### Stored items
★ ★ ★ ★ ★

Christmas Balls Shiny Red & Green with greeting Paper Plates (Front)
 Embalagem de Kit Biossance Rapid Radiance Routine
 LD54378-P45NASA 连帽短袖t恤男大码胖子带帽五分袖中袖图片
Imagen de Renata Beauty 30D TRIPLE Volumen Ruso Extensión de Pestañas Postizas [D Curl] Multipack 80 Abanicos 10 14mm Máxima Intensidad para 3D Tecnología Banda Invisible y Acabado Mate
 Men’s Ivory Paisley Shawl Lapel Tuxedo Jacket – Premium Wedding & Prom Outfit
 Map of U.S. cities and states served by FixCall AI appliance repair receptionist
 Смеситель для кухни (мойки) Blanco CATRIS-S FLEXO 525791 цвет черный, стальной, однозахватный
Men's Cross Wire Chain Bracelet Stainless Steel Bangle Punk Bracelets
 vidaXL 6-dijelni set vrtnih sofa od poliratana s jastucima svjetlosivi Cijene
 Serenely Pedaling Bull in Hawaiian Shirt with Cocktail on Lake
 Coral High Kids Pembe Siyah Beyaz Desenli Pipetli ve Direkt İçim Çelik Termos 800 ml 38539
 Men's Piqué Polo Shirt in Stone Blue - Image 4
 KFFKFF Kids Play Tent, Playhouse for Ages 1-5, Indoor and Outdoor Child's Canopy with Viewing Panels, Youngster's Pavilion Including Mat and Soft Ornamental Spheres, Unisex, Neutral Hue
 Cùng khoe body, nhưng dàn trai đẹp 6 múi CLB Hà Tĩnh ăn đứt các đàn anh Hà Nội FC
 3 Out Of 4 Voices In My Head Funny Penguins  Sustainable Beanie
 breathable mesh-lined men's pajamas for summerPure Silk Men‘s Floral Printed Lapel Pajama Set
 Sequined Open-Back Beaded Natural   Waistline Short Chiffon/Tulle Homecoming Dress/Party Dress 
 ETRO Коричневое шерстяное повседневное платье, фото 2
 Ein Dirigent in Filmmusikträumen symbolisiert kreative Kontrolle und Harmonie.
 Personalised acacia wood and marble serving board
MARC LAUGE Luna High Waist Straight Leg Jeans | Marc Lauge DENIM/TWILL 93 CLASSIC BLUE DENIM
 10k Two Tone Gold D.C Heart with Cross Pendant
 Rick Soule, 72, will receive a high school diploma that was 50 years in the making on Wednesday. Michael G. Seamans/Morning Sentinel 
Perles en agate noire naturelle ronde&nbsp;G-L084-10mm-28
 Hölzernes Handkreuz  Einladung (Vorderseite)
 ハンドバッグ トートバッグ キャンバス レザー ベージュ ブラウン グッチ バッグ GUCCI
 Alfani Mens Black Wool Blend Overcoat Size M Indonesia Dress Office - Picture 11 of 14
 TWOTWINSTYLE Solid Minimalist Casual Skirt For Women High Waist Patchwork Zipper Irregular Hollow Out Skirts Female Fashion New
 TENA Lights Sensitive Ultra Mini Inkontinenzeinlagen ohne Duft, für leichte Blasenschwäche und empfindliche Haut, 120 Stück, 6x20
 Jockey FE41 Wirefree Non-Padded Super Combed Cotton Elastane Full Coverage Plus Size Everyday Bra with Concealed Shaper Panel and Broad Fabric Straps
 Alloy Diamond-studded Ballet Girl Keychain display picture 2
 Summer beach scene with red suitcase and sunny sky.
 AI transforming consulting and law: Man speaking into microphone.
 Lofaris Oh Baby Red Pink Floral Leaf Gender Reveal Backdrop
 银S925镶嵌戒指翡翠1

★ ★ ★ ★ ★

### What the exercise asks
In the records above, each line with the string "Floral" should be copied.

### Solution for this problem
 breathable mesh-lined men's pajamas for summerPure Silk Men‘s Floral Printed Lapel Pajama Set
 Lofaris Oh Baby Red Pink Floral Leaf Gender Reveal Backdrop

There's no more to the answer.